WORK TO COMPLETE —
Everything from the first line of the material below through the line containing "American Samoa Fautasi" must be retyped exactly, and nothing past it.
-- RECORDED DATA follows --
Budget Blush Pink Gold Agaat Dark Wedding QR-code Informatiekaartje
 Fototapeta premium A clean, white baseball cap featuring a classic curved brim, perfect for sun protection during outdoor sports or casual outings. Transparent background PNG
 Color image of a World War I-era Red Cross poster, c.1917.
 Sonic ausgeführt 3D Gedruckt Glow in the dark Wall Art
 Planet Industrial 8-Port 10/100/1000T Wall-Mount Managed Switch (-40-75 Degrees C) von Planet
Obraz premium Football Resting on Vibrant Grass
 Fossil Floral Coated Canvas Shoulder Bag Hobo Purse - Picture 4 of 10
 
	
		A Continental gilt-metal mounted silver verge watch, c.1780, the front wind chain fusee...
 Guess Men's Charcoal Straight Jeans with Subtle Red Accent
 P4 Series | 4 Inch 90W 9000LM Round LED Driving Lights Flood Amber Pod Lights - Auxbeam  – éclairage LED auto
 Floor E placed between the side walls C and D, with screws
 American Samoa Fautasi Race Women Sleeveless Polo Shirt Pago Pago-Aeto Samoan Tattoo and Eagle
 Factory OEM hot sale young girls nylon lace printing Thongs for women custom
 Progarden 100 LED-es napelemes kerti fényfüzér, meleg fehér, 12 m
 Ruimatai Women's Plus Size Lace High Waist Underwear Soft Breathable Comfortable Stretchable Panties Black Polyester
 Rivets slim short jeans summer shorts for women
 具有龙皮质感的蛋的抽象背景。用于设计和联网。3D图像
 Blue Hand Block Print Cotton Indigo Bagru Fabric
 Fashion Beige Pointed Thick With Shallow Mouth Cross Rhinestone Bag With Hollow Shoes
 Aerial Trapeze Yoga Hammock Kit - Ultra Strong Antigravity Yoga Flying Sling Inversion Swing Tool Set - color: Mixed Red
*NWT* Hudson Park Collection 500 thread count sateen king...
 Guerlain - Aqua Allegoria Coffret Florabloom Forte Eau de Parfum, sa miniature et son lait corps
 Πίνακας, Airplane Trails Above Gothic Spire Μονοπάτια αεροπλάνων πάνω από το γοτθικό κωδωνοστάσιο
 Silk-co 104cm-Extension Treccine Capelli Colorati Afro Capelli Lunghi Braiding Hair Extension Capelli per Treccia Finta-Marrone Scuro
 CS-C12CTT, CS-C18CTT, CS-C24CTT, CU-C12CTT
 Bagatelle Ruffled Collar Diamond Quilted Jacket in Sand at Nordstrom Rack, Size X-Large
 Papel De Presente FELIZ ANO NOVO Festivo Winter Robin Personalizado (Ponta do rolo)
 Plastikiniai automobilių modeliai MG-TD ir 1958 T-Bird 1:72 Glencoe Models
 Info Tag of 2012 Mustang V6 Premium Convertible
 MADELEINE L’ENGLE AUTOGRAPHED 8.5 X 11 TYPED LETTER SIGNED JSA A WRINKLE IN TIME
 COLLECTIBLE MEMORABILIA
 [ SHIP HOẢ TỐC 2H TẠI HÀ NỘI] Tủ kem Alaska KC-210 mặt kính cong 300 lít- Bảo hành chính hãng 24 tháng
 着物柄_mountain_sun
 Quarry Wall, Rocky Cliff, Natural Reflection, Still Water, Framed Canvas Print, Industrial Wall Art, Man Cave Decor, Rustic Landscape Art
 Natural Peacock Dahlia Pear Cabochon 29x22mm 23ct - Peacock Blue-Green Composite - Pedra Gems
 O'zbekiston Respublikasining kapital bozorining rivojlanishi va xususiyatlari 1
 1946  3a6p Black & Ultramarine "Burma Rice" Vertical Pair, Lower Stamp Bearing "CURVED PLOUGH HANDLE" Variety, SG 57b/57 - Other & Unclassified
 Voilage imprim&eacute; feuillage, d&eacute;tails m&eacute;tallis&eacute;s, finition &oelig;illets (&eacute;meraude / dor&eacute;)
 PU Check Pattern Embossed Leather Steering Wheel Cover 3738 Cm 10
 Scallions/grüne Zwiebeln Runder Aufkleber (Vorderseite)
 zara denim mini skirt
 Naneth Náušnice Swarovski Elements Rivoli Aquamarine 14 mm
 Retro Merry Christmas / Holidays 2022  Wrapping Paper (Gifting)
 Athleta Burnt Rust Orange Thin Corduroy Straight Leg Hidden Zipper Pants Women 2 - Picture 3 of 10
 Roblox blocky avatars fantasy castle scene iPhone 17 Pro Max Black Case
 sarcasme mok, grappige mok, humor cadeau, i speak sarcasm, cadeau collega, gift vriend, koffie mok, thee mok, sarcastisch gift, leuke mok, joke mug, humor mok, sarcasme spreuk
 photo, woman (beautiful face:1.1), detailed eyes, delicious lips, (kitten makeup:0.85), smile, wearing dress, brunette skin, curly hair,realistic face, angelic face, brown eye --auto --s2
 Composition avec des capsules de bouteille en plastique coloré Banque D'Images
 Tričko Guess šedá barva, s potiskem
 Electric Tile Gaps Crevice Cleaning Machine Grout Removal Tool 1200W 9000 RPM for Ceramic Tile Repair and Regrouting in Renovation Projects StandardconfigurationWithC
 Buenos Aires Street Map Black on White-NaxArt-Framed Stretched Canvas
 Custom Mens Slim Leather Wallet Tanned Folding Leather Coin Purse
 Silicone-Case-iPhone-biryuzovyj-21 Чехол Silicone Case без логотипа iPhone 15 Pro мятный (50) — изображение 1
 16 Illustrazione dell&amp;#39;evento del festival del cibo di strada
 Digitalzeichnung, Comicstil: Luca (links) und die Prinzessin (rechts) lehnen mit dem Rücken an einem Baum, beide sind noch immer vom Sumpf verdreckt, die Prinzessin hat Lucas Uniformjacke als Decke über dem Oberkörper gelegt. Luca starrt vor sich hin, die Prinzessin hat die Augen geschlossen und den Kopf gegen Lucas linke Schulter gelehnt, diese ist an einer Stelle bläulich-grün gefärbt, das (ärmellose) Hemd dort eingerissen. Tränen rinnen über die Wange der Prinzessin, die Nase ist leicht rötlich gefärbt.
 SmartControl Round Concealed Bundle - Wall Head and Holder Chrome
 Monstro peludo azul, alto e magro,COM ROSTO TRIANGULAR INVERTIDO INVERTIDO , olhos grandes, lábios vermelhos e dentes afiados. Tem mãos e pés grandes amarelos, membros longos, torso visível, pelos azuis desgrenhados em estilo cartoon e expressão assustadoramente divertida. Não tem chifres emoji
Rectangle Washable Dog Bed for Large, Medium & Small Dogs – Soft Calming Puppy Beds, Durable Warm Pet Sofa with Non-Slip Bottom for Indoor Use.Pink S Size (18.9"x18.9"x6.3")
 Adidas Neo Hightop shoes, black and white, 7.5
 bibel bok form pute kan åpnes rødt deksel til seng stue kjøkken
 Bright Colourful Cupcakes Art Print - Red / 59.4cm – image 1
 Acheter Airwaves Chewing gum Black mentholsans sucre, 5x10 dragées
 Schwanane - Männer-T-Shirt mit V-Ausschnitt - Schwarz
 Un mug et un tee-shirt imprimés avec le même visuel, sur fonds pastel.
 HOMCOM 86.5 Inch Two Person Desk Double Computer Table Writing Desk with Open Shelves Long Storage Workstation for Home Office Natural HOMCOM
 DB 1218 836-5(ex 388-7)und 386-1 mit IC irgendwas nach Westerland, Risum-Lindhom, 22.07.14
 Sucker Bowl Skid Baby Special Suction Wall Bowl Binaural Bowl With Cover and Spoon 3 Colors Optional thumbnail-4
-- RECORDED DATA concluded --
OUTPUT —
Budget Blush Pink Gold Agaat Dark Wedding QR-code Informatiekaartje
 Fototapeta premium A clean, white baseball cap featuring a classic curved brim, perfect for sun protection during outdoor sports or casual outings. Transparent background PNG
 Color image of a World War I-era Red Cross poster, c.1917.
 Sonic ausgeführt 3D Gedruckt Glow in the dark Wall Art
 Planet Industrial 8-Port 10/100/1000T Wall-Mount Managed Switch (-40-75 Degrees C) von Planet
Obraz premium Football Resting on Vibrant Grass
 Fossil Floral Coated Canvas Shoulder Bag Hobo Purse - Picture 4 of 10
 
	
		A Continental gilt-metal mounted silver verge watch, c.1780, the front wind chain fusee...
 Guess Men's Charcoal Straight Jeans with Subtle Red Accent
 P4 Series | 4 Inch 90W 9000LM Round LED Driving Lights Flood Amber Pod Lights - Auxbeam  – éclairage LED auto
 Floor E placed between the side walls C and D, with screws
 American Samoa Fautasi Race Women Sleeveless Polo Shirt Pago Pago-Aeto Samoan Tattoo and Eagle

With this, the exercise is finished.